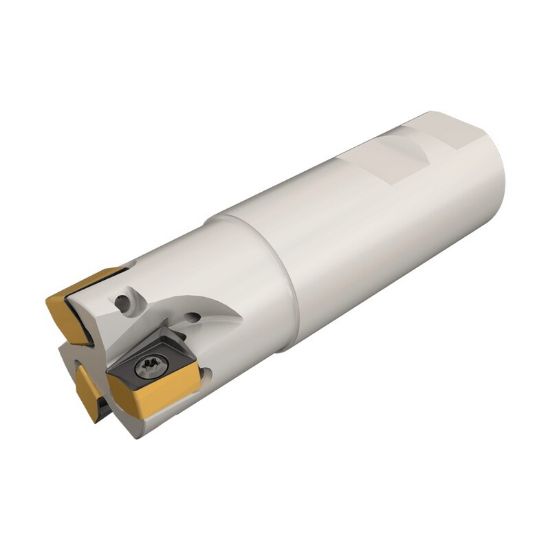 Picture of ISCAR H490 E90AXD1.50-4W1.25-12 Milling Cutter 90.0° 1.500 Diameter Weldon 1.250 4.250 OAL 4 Flute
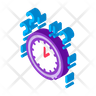 paper clock logo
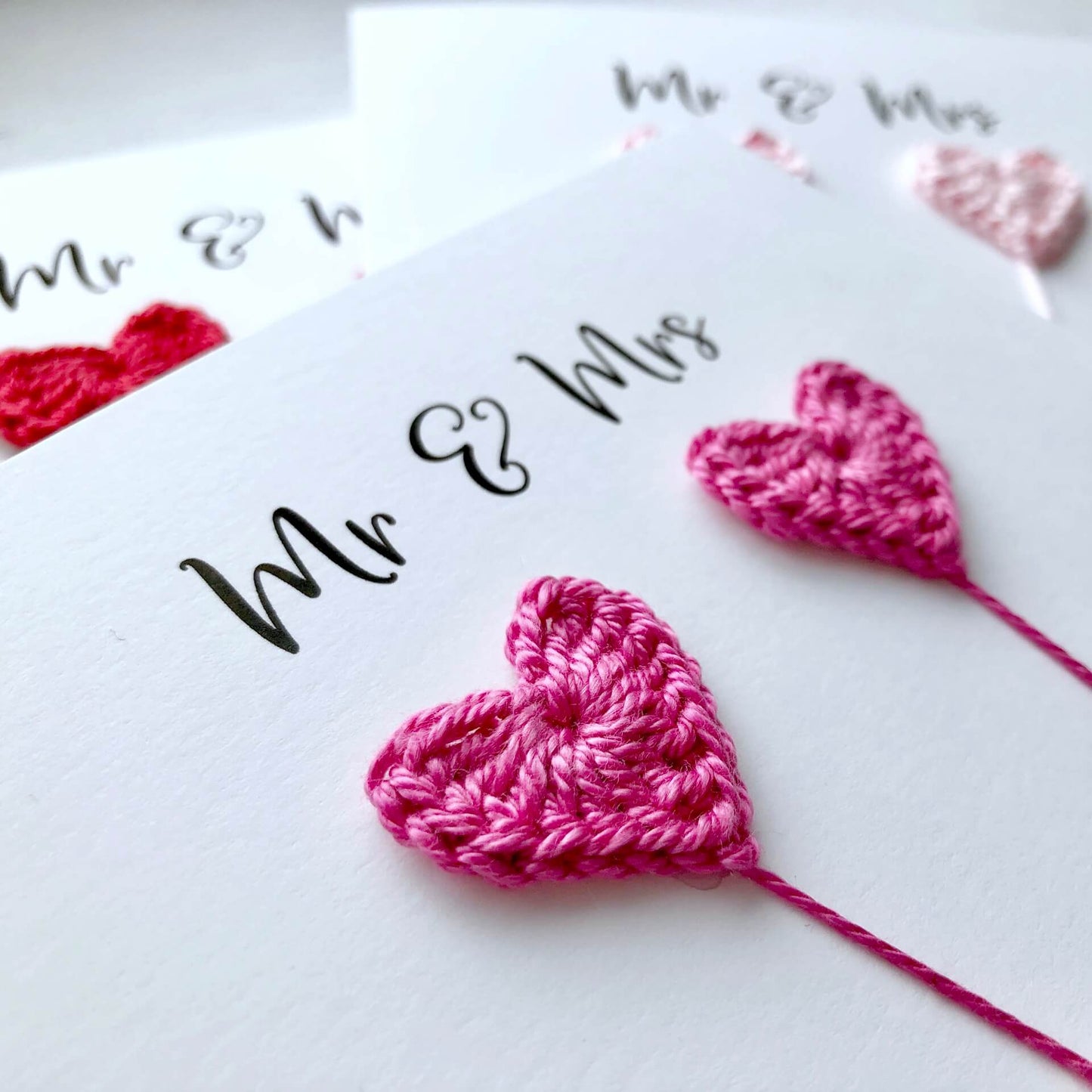 Personalised Mr & Mrs Wedding card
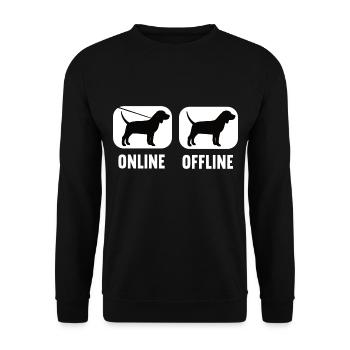 Online Offline Beagle Dog Dog Amante Cani - Felpa unisex - nero - Fronte - Alina (178cm) & Michal (187cm)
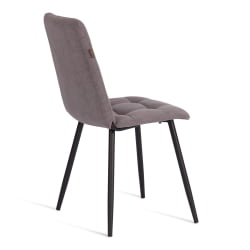Стул обеденный Asti флок , 47х54х86, серый, 29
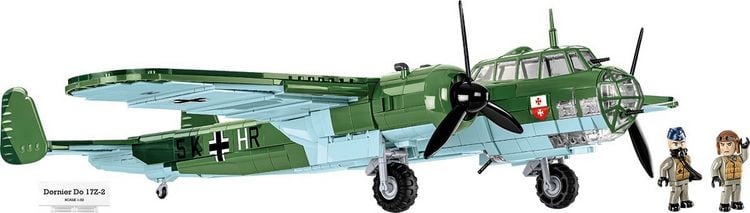 Produktbild: COBI Historical Collection 5754 - Dornier Do17 Z-2, WWII, Flugzeug, Bomber, Bausatz, 1:32, 1383 Klemmbausteine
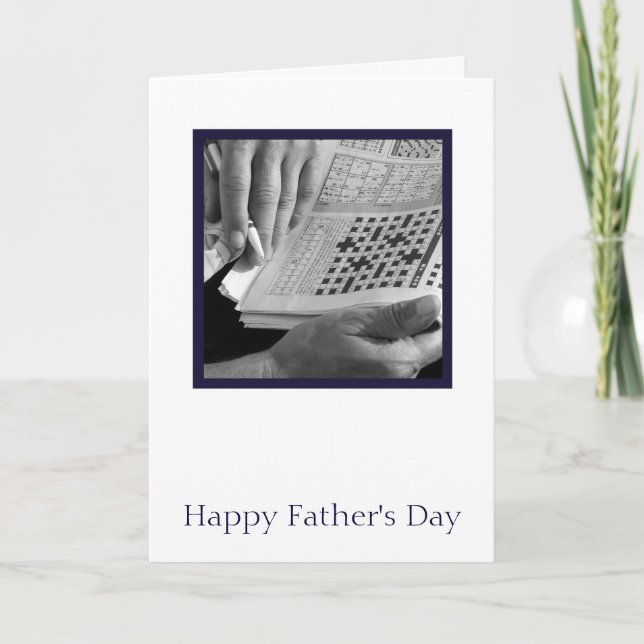 Crossword Father's Day Card (Front)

════

*Your goal*: Write out the material above exactly. Skip the pictures.

*Exercise response*:
 Picture of ISCAR H490 E90AXD1.50-4W1.25-12 Milling Cutter 90.0° 1.500 Diameter Weldon 1.250 4.250 OAL 4 Flute
 paper clock logo
 Personalised Mr & Mrs Wedding card
 Online Offline Beagle Dog Dog Amante Cani - Felpa unisex - nero - Fronte - Alina (178cm) & Michal (187cm)
Стул обеденный Asti флок , 47х54х86, серый, 29
 Produktbild: COBI Historical Collection 5754 - Dornier Do17 Z-2, WWII, Flugzeug, Bomber, Bausatz, 1:32, 1383 Klemmbausteine
 Crossword Father's Day Card (Front)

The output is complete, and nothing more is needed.